Indiana’s means of carrying out the death penalty through lethal injection “is void and without effect,” the Indiana Court of Appeals ruled Thursday, reversing a death row inmate’s challenge to the Indiana Department of Correction’s execution protocol.
Judge John Baker wrote for the court the Department of Correction was bound to enact new lethal-injection protocols under the state’s Administrative Rules and Procedure Act (ARPA), subject to public comment, which it did not do. Failing to do so voids a protocol DOC adopted in May 2014, the court ruled, tossing out the state’s means of execution via a fatal three-drug cocktail that has never been used in any state or federal execution.
“Finding the General Assembly has not exempted the DOC from ARPA and that the statutory definition of ‘rule’ clearly includes the DOC’s execution protocols, we reverse,” Baker wrote for the Court in Roy Lee Ward v. Robert E. Carter, Jr., Commissioner of the Indiana Department of Correction, and Ron Neal, Superintendent of the Indiana State Prison, in their official capacities, 46A03-1607-PL-1685.
The ruling remands the case brought by Ward to LaPorte Circuit Court, where Judge Thomas J. Alevizos previously dismissed the suit.
Ward was sentenced to death in 2007 for the 2001 rape and murder of 15-year-old Stacy Payne in Spencer County. He is one of 12 people on Indiana’s death row at the Indiana State Prison in Michigan City.
The panel rejected the state’s argument that the lethal injection statute says the DOC “may” adopt rules under the administrative code to administer capital punishment. “We disagree,” Baker wrote, noting the lethal injection statute must be read in conjunction with ARPA, which specifically excludes two state agencies, neither of which is the DOC.
“If the legislature intended to exempt the DOC from the purview of ARPA altogether, or even to attempt to exempt the DOC’s execution protocols, it could have easily done so, but it has not,” Baker wrote for the panel that also included appellate judges Michael Barnes and Terry Crone.
Fort Wayne attorney David Frank of Christopher C. Myers & Associates represented Ward. “We’re very pleased with the ruling. I think the message, the takeaway, is that even though jails and prisons are entitled to some deference, they’re not entitled to carry out serious matters of the public’s business in secret, and that’s exactly what the state was trying to do,” Frank said.
“We are disappointed with the Court of Appeals’ decision," said Corey Elliot, spokesman for Attorney General Curtis Hill. "At this point, we are closely reviewing the case, consulting with our client agency and considering all possible options, one of which is to ask the Indiana Supreme Court to review the case.”
The Attorney General’s Chief Counsel of Appeals Steve Creason during oral arguments last month suggested to the COA that the legislature had not required the Department of Correction to enact a rule for drugs used in lethal injection, and that’s why it wrote the agency “may” adopt such rules.

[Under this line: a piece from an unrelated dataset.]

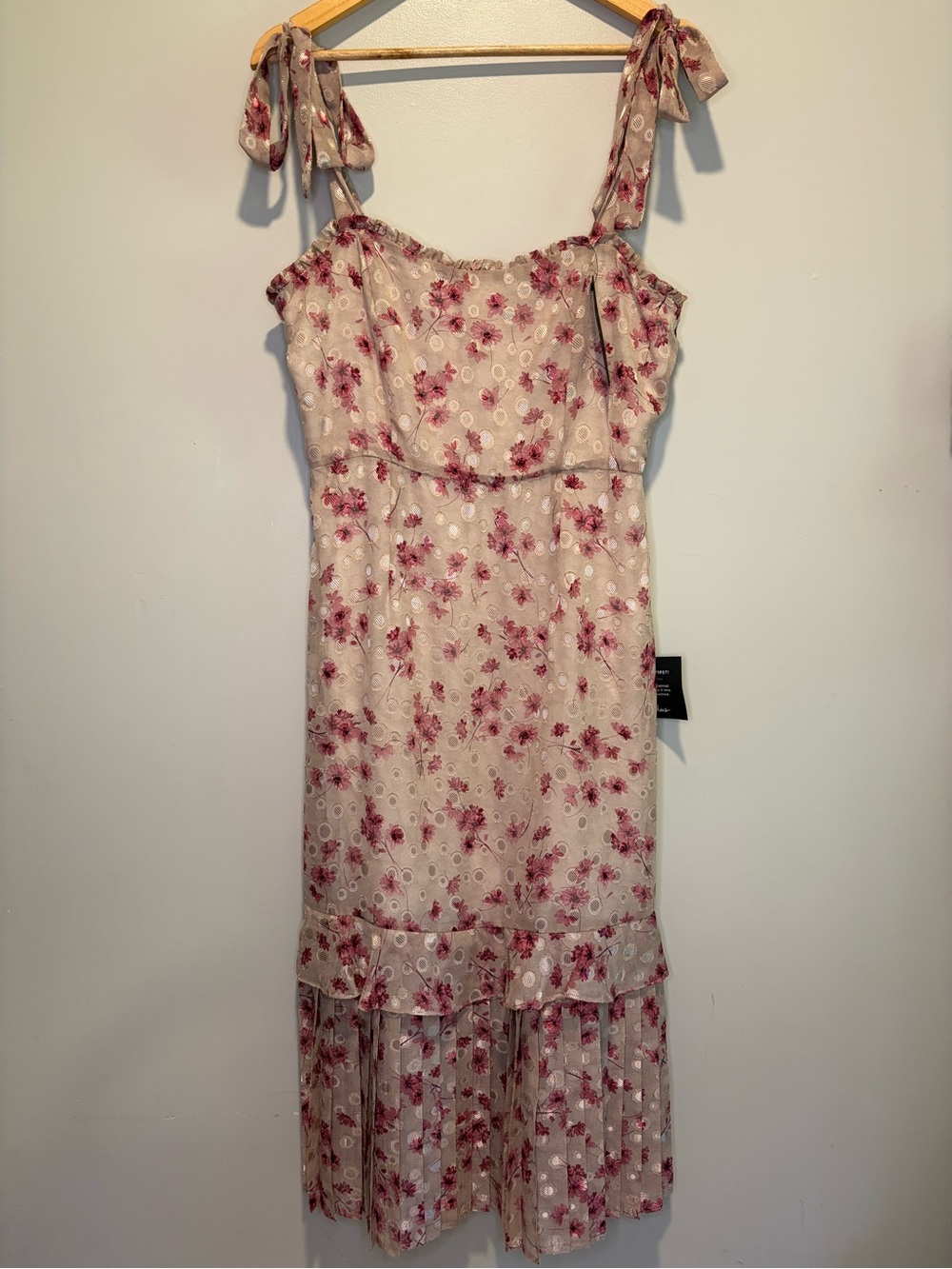 NWT Lulu's Dusty Blush Floral Tie-Strap Midi Dress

Rulemaking under ARPA, he argued, was “completely unworkable as a potential solution.” Barnes challenged Creason on that contention, as well as his assertions that death penalty cases by their nature receive extensive individual scrutiny in state and federal courts before executions are carried out, and that requiring the ARPA rulemaking processes would not further the purposes of administrative procedures.
“Is it not something to consider,” Barnes said, “that if the state puts into effect the machinery of death for a person that the way in which that penalty is delivered and carried out ought to be subject to some sort of review by whatever body other than the people who are, in fact, doing it?”
“That might be valuable,” Creason replied, “except that scrutiny, that review (by courts), that is going to happen regardless of whether you do the rulemaking.” Creason argued, “… ARPA can be used as a tool to frustrate and delay the execution of death sentence.”
Frank said Thursday the state sought to characterize Ward’s suit as an attempt to bar the death penalty, which he said wasn’t the case. No executions are currently scheduled, so the immediate impact of the ruling remains uncertain.
The DOC “was trying to issue a new lethal injection protocol by themselves that has never been used,” Frank said. “Before we execute a human being in manner that’s never been done before in the history of country, maybe we should have some public discussion on it.”
The DOC protocol includes a never-before-tried drug called methohexital (known by the brand name Brevital), along with pancuronium bromide and potassium chloride.
“The Court of Appeals wasn’t questioning the state’s ability to carry out executions lawfully, all they were saying in agreeing with Mr. Ward is that an individual who is condemned to death has right to be subjected to execution in a lawful way, and in a way that the public has knowledge of,” Frank said. “So if the state intends to lawfully execute individuals, it should have no problem whatsoever with the Indiana Court of Appeals opinion.”